Input data -
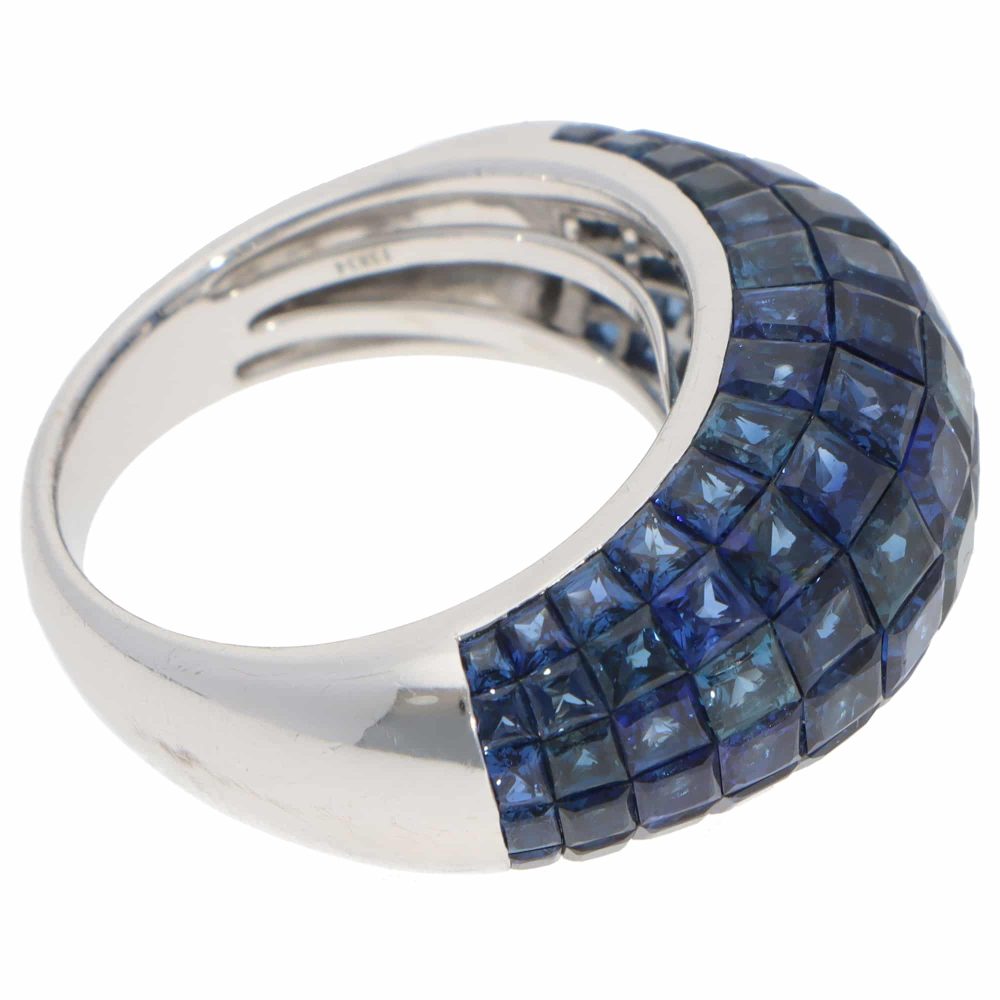 Contemporary 16.69ct Sapphire Bombe Cocktail Ring in 18ct White Gold, six rows of graduated-sized French-cut sapphires securely invisible-set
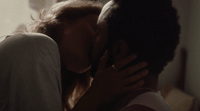 a man and a woman kissing each other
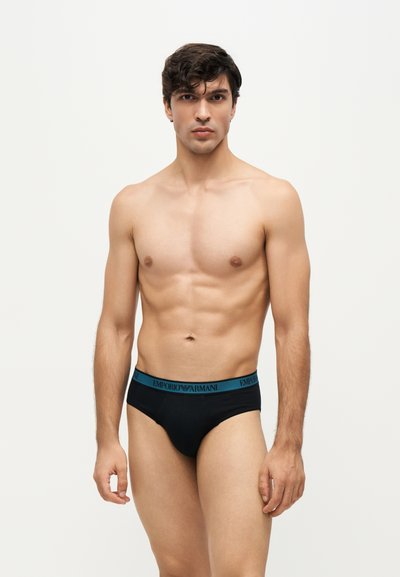 Jeune homme aux cheveux courts et foncés portant un slip noir à ceinture bleue, debout devant un fond clair uni.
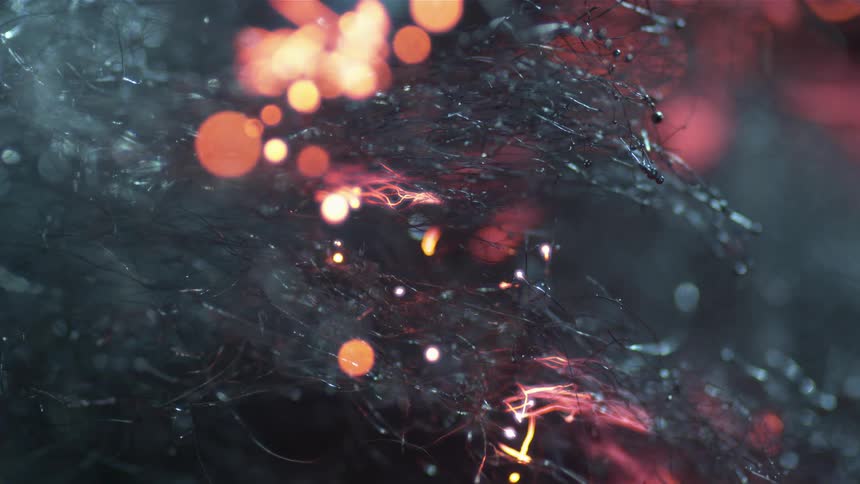 Fire blackens fibers releasing sparks and smoke
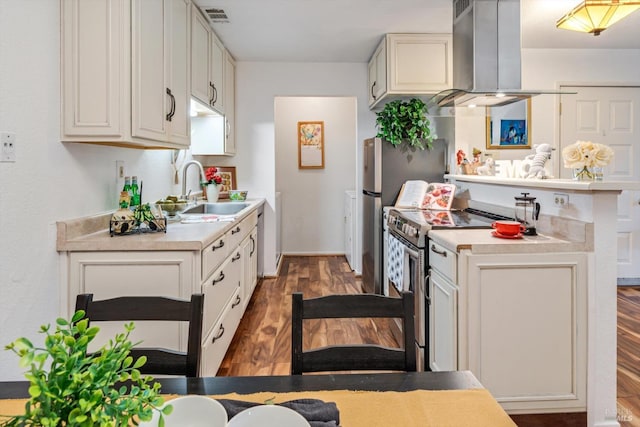 kitchen with a sink, island exhaust hood, electric range, light countertops, and wood finished floors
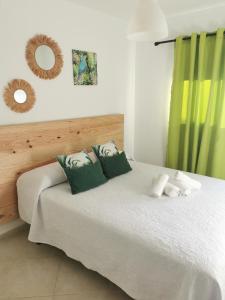 1 dormitorio con 1 cama con almohadas verdes y blancas en Centro de Corralejo con vistas a Isla de Lobos, en Corralejo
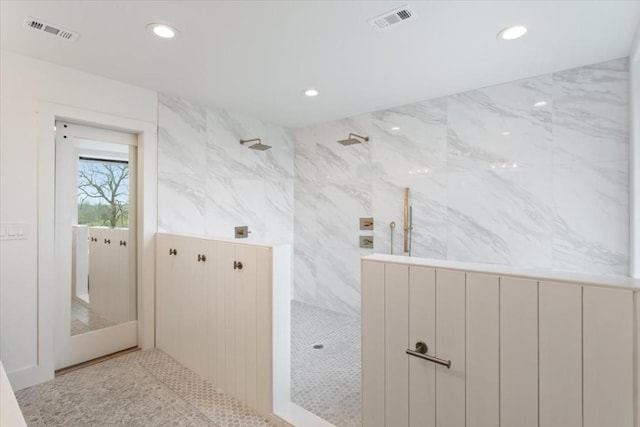 bathroom featuring a tile shower and tile walls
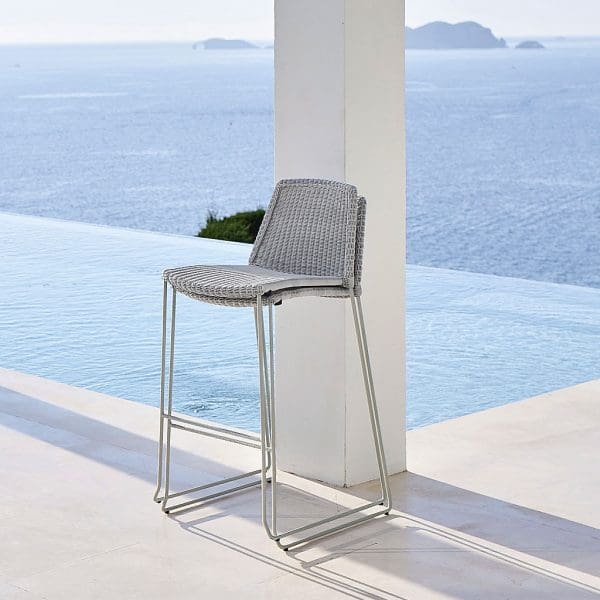 Image of pair of stacked Breeze exterior bar stools in white-grey Cane-line weave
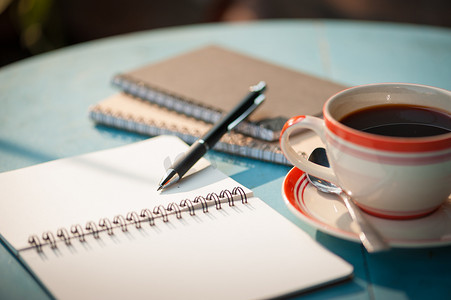 木桌上的笔记本和咖啡杯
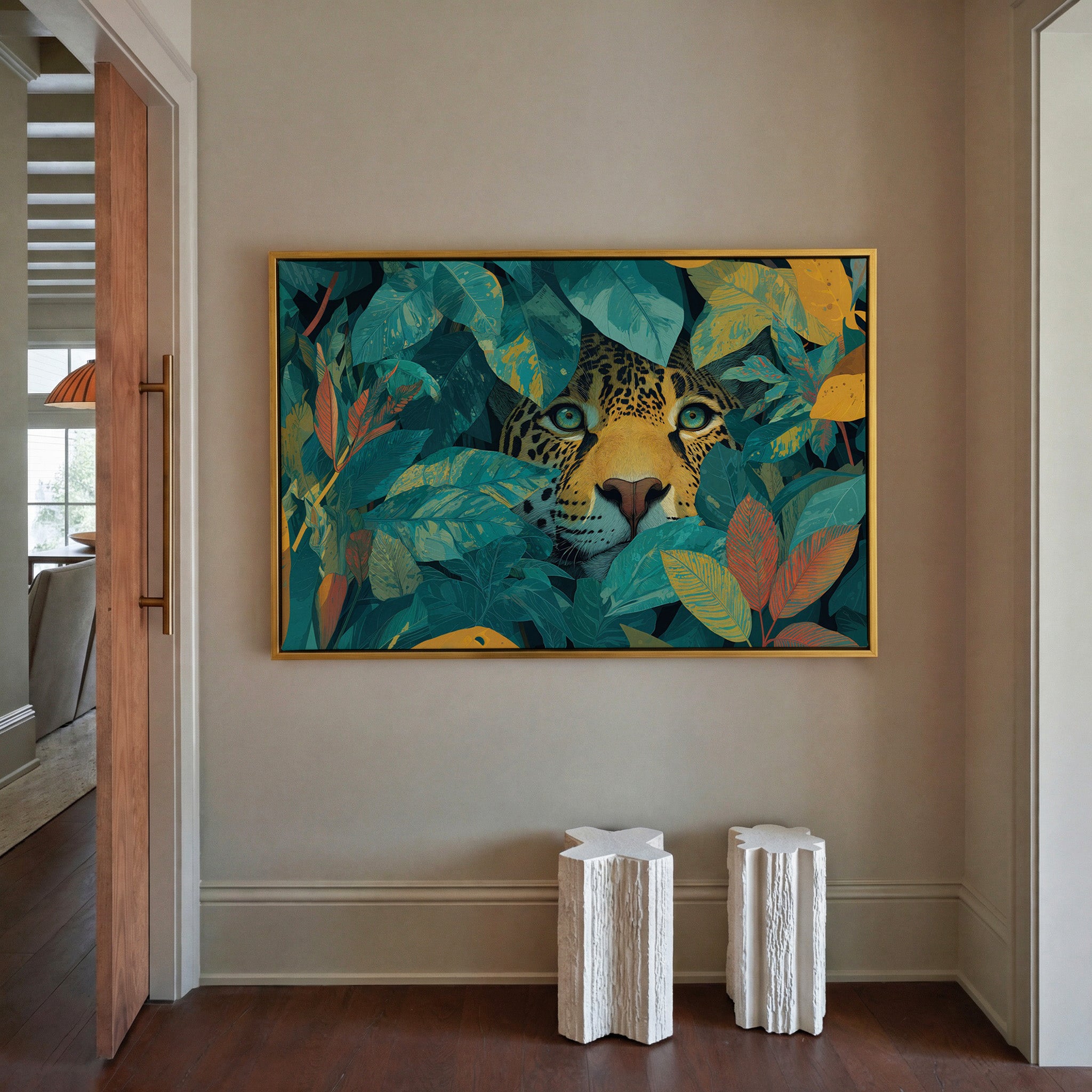 leopard face framed by teal leaves and gold canvas wall art in a gold frame in a styled room setting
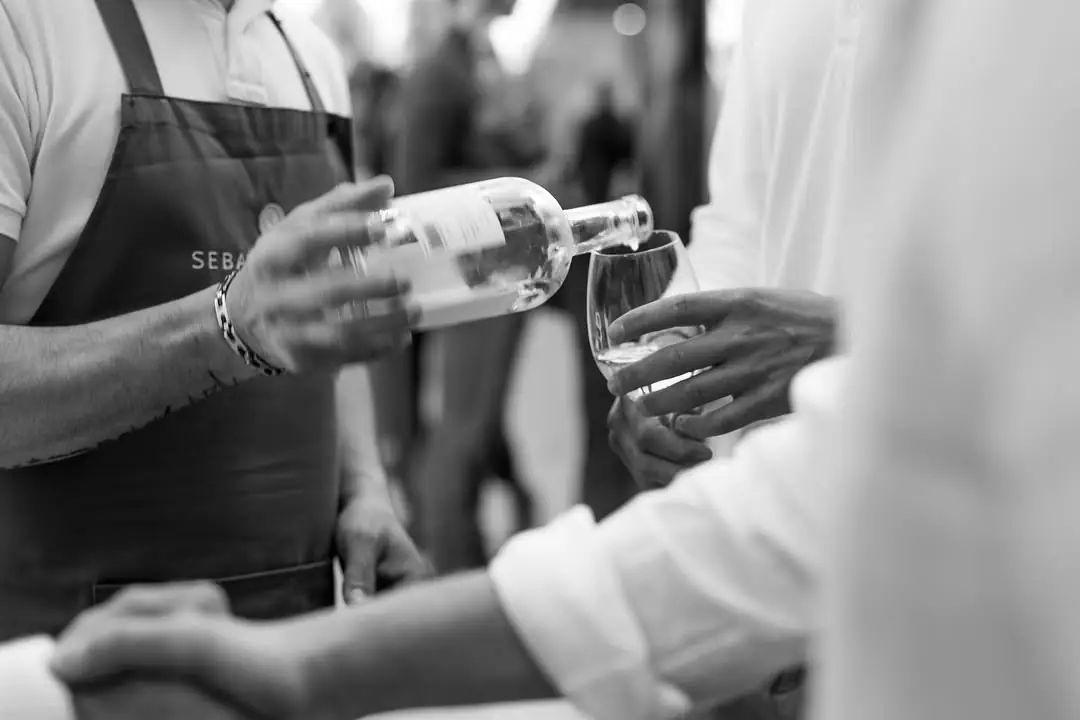 Pouring a glass of Can Axartell wine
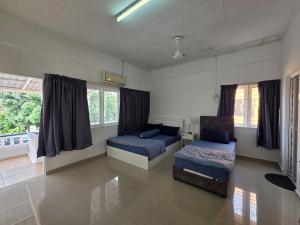 En eller flere senge i et værelse på Jonker Home 2 Walking Distant to Banda Hilir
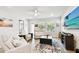 Bright living room with modern furniture, a ceiling fan, and natural light at 527 Bay St, Dunedin, FL 34698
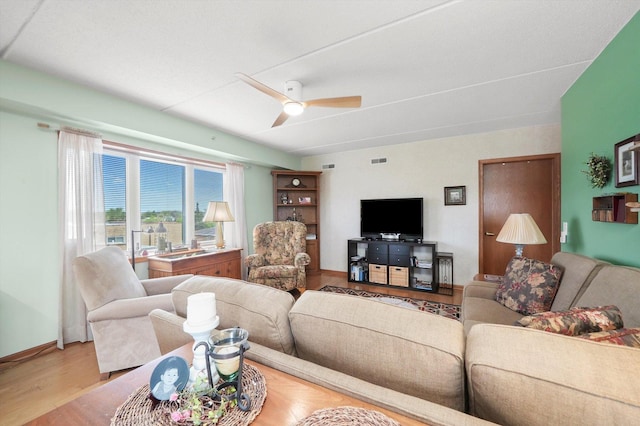 living area featuring visible vents, baseboards, ceiling fan, and wood finished floors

About this task -
Copy only the lines running from the one that holds "leopard face framed" through the last line of the data, and include both of those lines. Do not copy any pictures.

Solution -
 leopard face framed by teal leaves and gold canvas wall art in a gold frame in a styled room setting
 Pouring a glass of Can Axartell wine
 En eller flere senge i et værelse på Jonker Home 2 Walking Distant to Banda Hilir
 Bright living room with modern furniture, a ceiling fan, and natural light at 527 Bay St, Dunedin, FL 34698
 living area featuring visible vents, baseboards, ceiling fan, and wood finished floors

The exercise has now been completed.